Off on another road trip tomorrow. The Mighty Bug and I will motor south, to dwell for a couple of weeks in a Marriott hotel in North Carolina, instructing folks at a health insurance company on how to program applications for the Web.
But I will miss this:
This is the view from my desk at home here in the office. I think it explains what makes up my life these days. A computer, Black Labs, light, music speakers, a calendar filled to the brim. I stop often, put my feet on the edge of the desk, lean back in the chair and watch those dear lads in that Winslow Homer print ("Breezing Up (A Fair Wind)"). There are white clouds all about, and they are flowing forward in a sailboat called Gloucester. They are barefoot, and peaceful as they make white spray on their journey.
Someone told me once our homes explain who we are. Funny. As I've grown older, the areas of my home most people visit are usually picked up, uncluttered, wiped down, straightened up.
It's a front.
I am very cluttered. Most creatives are. We need lots of silence and solitude to make sense of the chaos in our heads so what we create appears just the way it's supposed to...in computer code or through some story or a photo.
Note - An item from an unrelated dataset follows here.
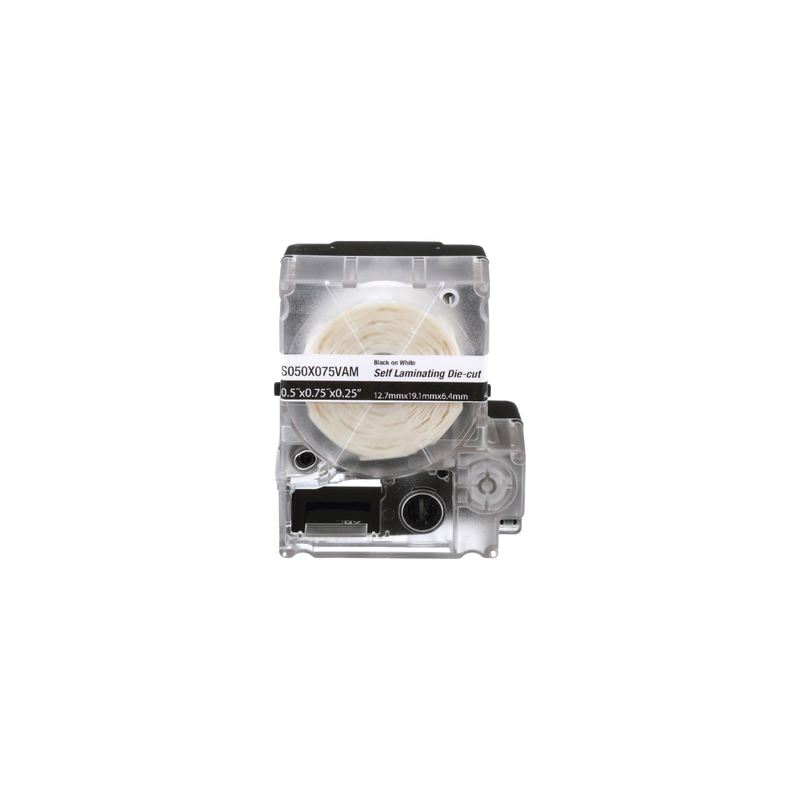 Casete Etiquetas Autolaminadas Panduit 425 pzas 12.7x19.1mm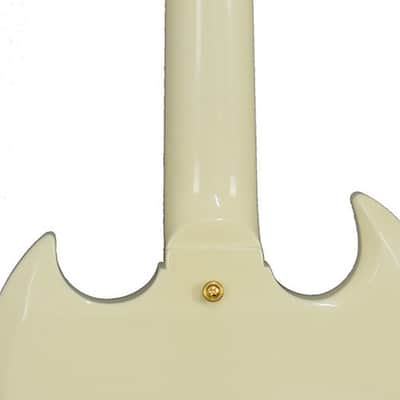Gibson SG Custom 63 Classic White Maestro 3PU image 8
My office is a mess. It's mine, and I like it that way. Computer cords and small scraps of paper containing notes of new ideas seem to multiply every day. A Staples CD-R acts as a coaster for the always-filled coffee cup. 'Cause that's what creativity is. Chaos is a food group to those who think.
Road trips are good. They offer the supreme gift of privacy, the freedom of not knowing a soul, of being unreachable if you want to be. The gift of invisible movement through life so you have the chance to remember the meaning of it all.